Excerpted records START

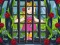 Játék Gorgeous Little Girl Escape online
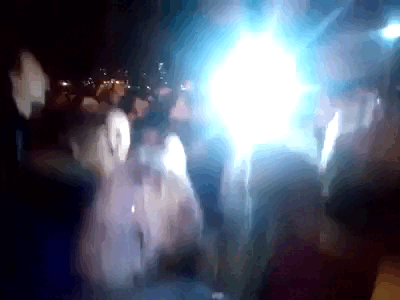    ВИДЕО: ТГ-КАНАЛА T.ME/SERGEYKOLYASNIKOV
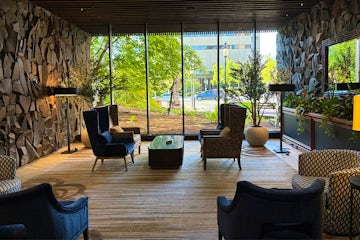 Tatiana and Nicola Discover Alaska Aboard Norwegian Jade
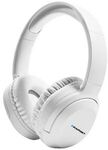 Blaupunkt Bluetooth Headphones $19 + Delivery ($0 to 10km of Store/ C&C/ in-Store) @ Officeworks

Excerpted records END
Excerpted records START

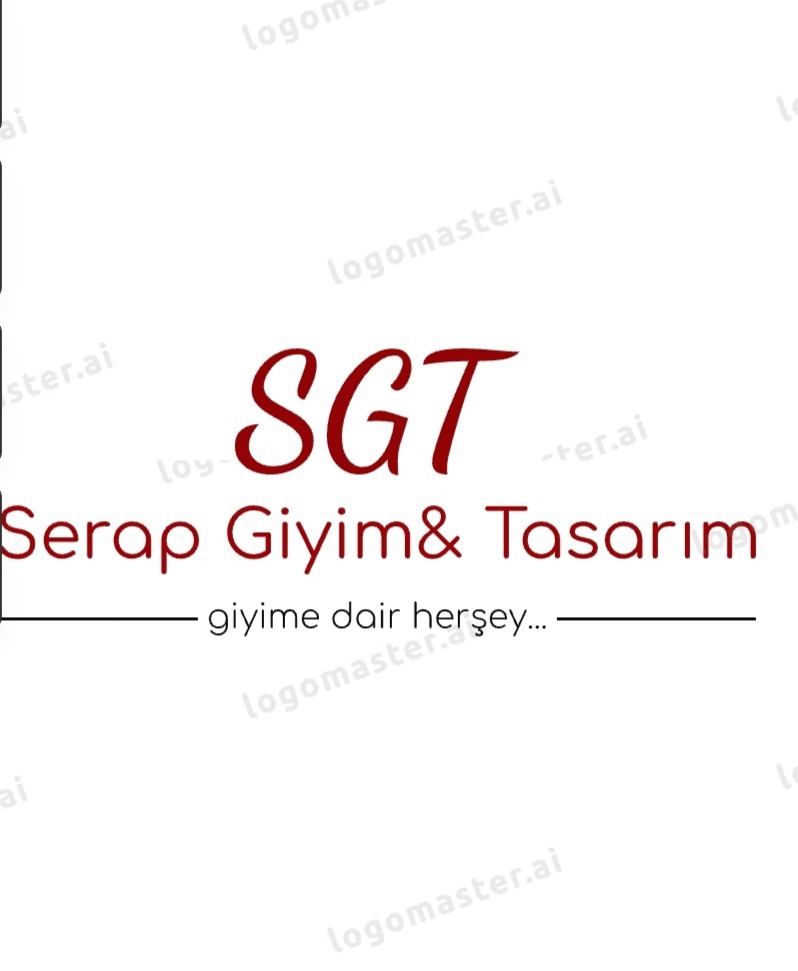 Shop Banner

Excerpted records END

Set down again, word for word, every line from the one with "Játék Gorgeous Little Girl Escape online" to the one with "Blaupunkt Bluetooth Headphones" in the entries above, and omit the pictures.

 Játék Gorgeous Little Girl Escape online
    ВИДЕО: ТГ-КАНАЛА T.ME/SERGEYKOLYASNIKOV
 Tatiana and Nicola Discover Alaska Aboard Norwegian Jade
 Blaupunkt Bluetooth Headphones $19 + Delivery ($0 to 10km of Store/ C&C/ in-Store) @ Officeworks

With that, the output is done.